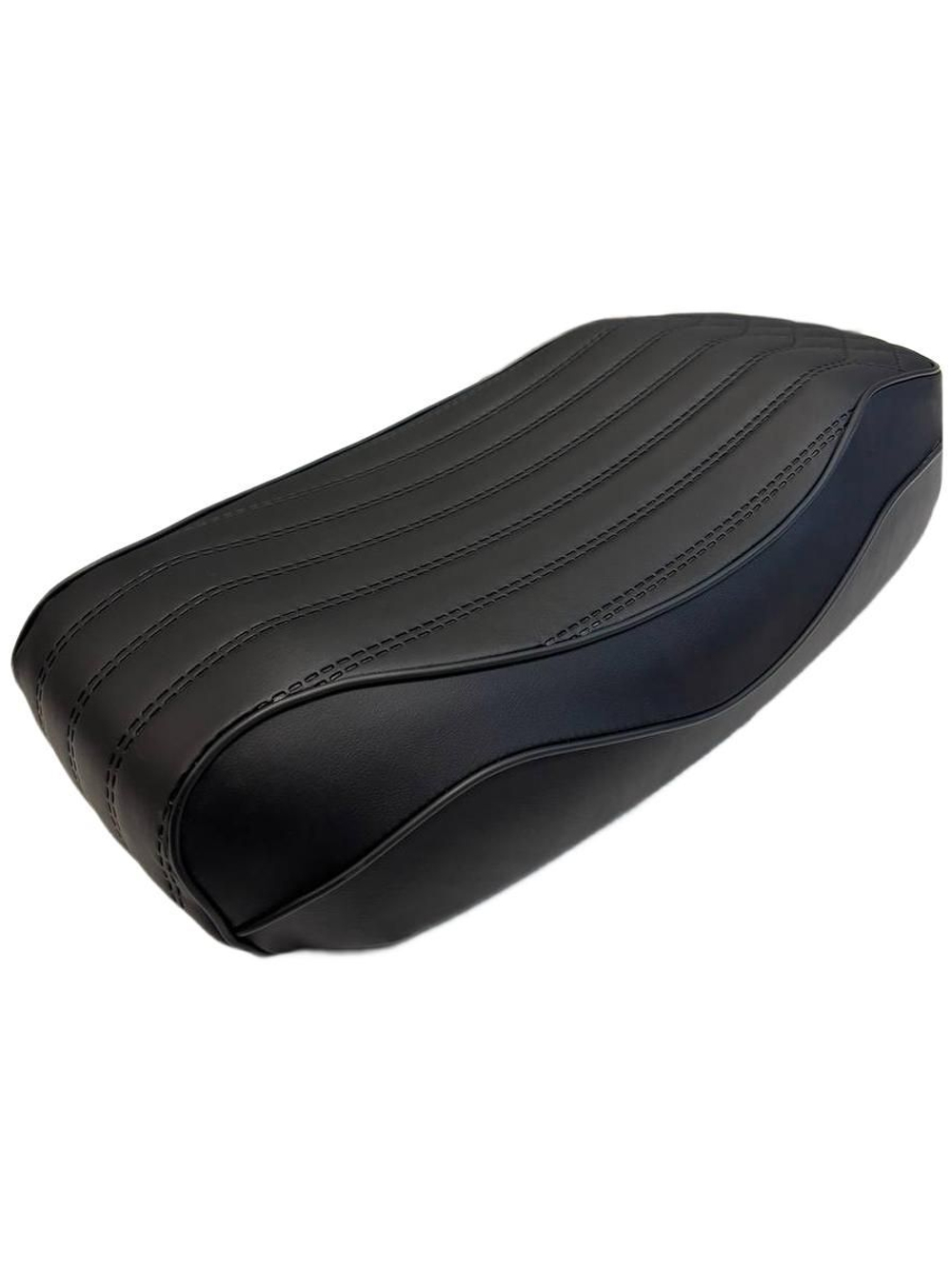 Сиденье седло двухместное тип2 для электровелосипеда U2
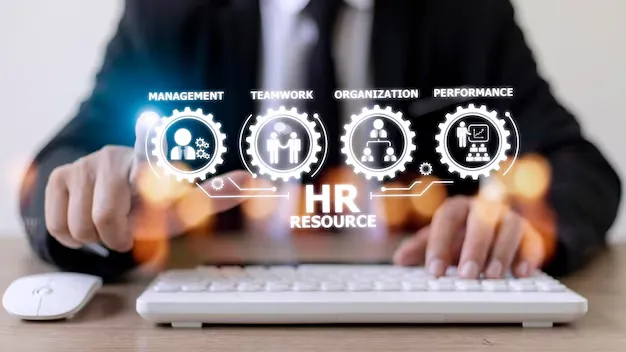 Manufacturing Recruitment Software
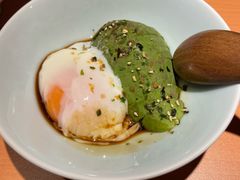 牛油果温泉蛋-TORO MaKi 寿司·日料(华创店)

■ ■ ■

### To do
Word-for-word transcription: the whole listing, with images excluded.

### Written answer
 Сиденье седло двухместное тип2 для электровелосипеда U2
 Manufacturing Recruitment Software
 牛油果温泉蛋-TORO MaKi 寿司·日料(华创店)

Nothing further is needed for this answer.